Short web captions
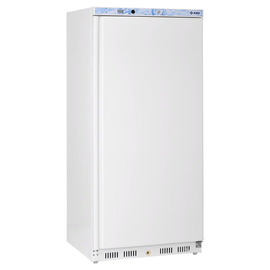 freezer KBS 602 TK white | 600 ltr | solid door | changeable door hinge product photo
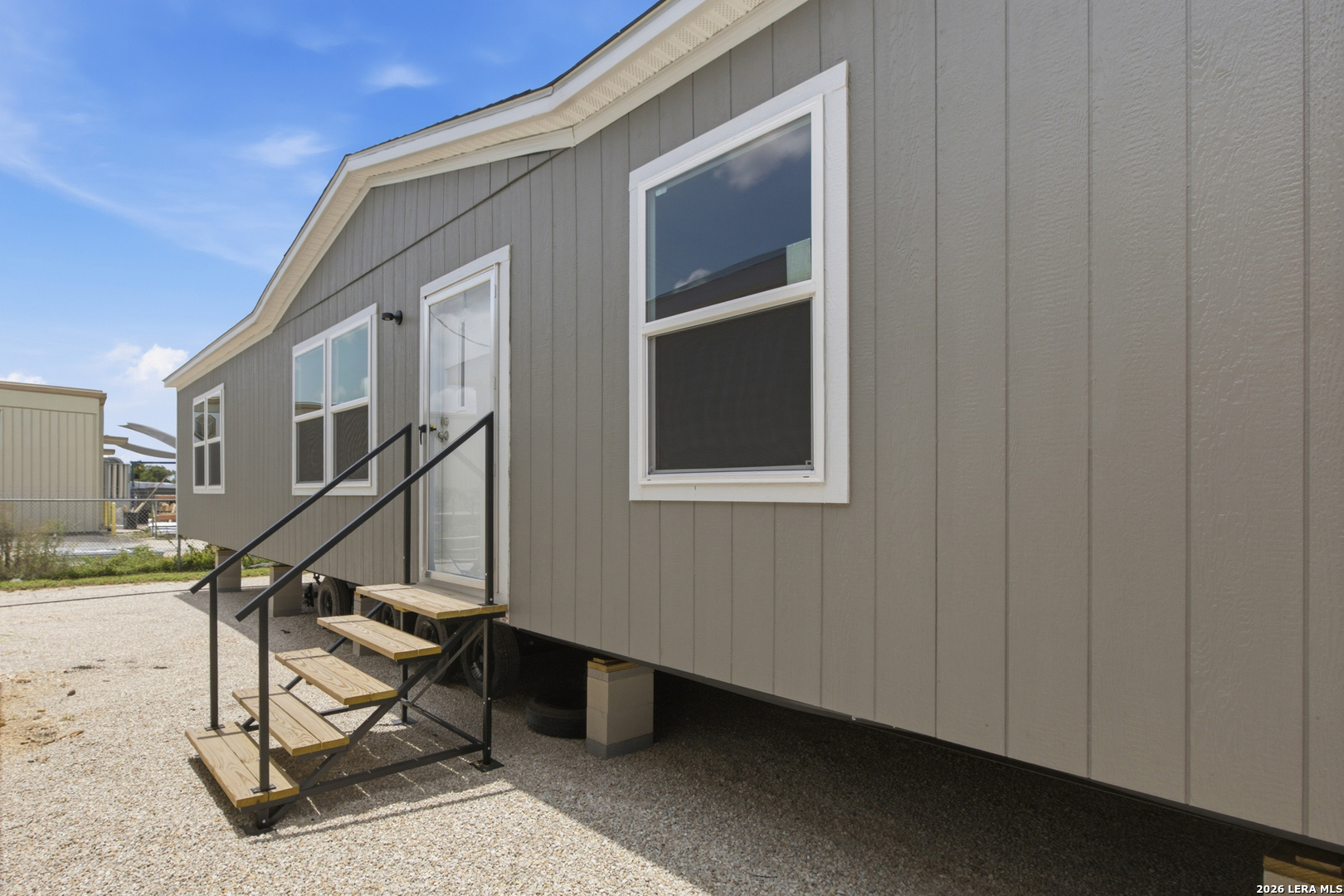 2791 Fm 1332 Jourdanton TX 78026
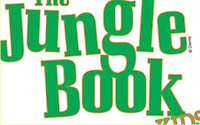 Summer Vacation Camp 2026 – The Jungle Book Kids (8/7/26)
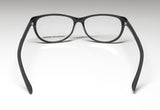 Porsche Design P8246 Eyeglasses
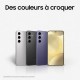 SAMSUNG Galaxy S24+ 5G - Neuf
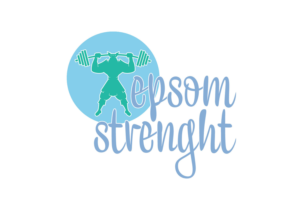 Logo Design by kaligraf for this project | Design: #12148401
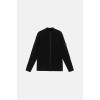Vest Stone Island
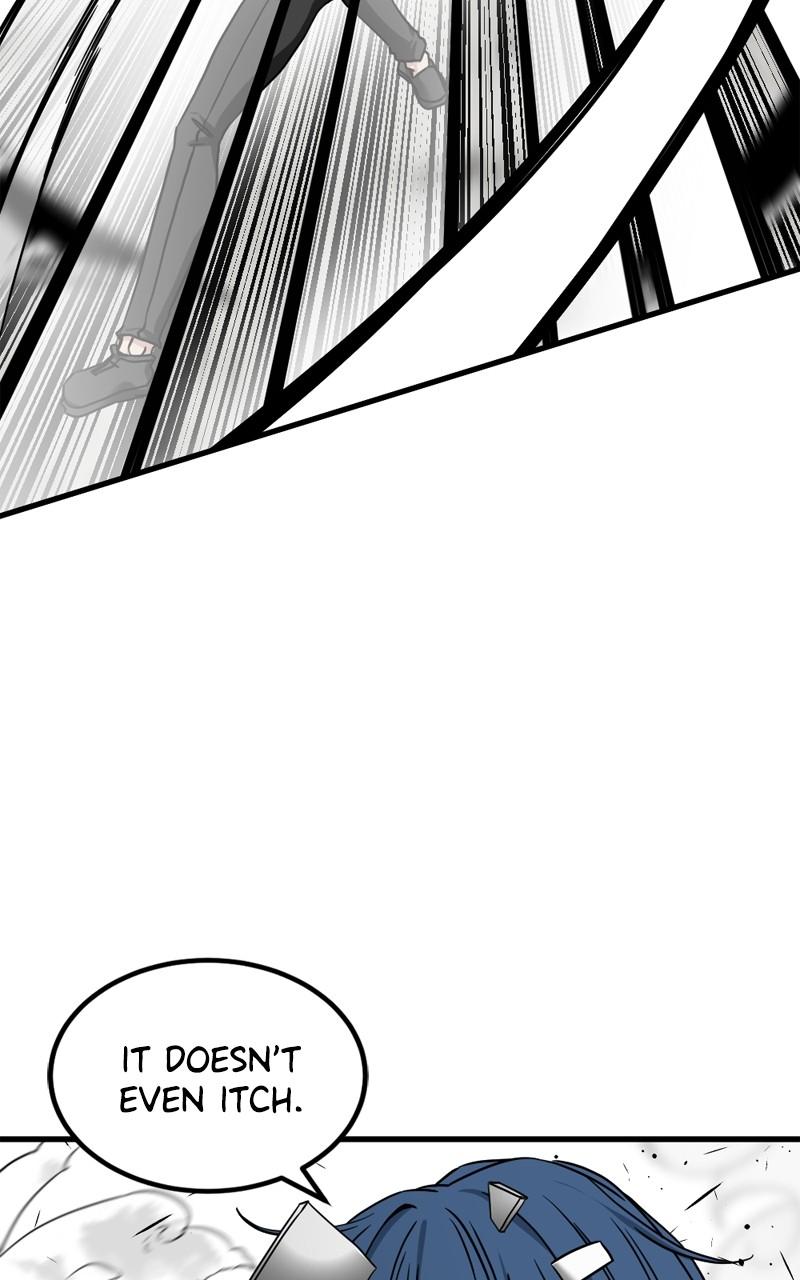 Page 5 of Chapter 144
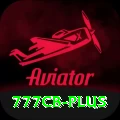 777cb Apps (Tools & Injectors) Master v2.2.9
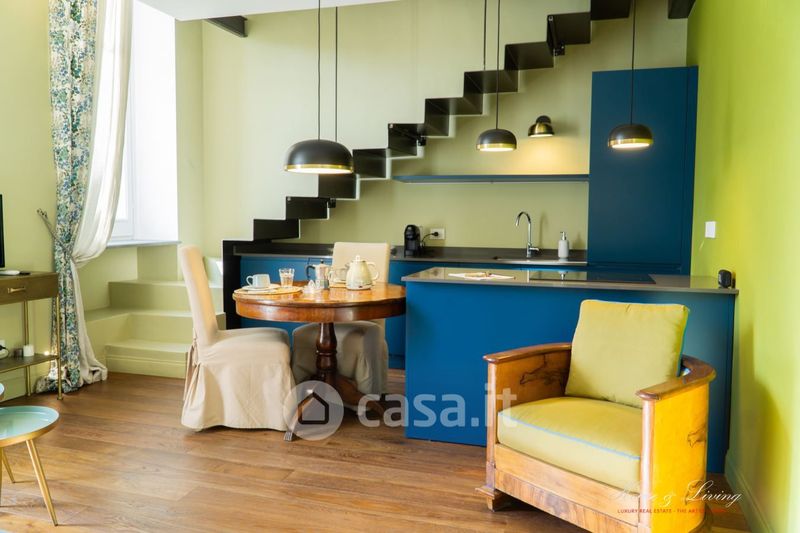 Appartamento in Centro, foto 15 di 19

→ ABOUT THIS TASK
Only the lines from the line containing "Vest Stone Island" through the last line of the entries above should be reproduced, word for word and without pictures.

→ THE COMPLETED TASK
Vest Stone Island
 Page 5 of Chapter 144
 777cb Apps (Tools & Injectors) Master v2.2.9
 Appartamento in Centro, foto 15 di 19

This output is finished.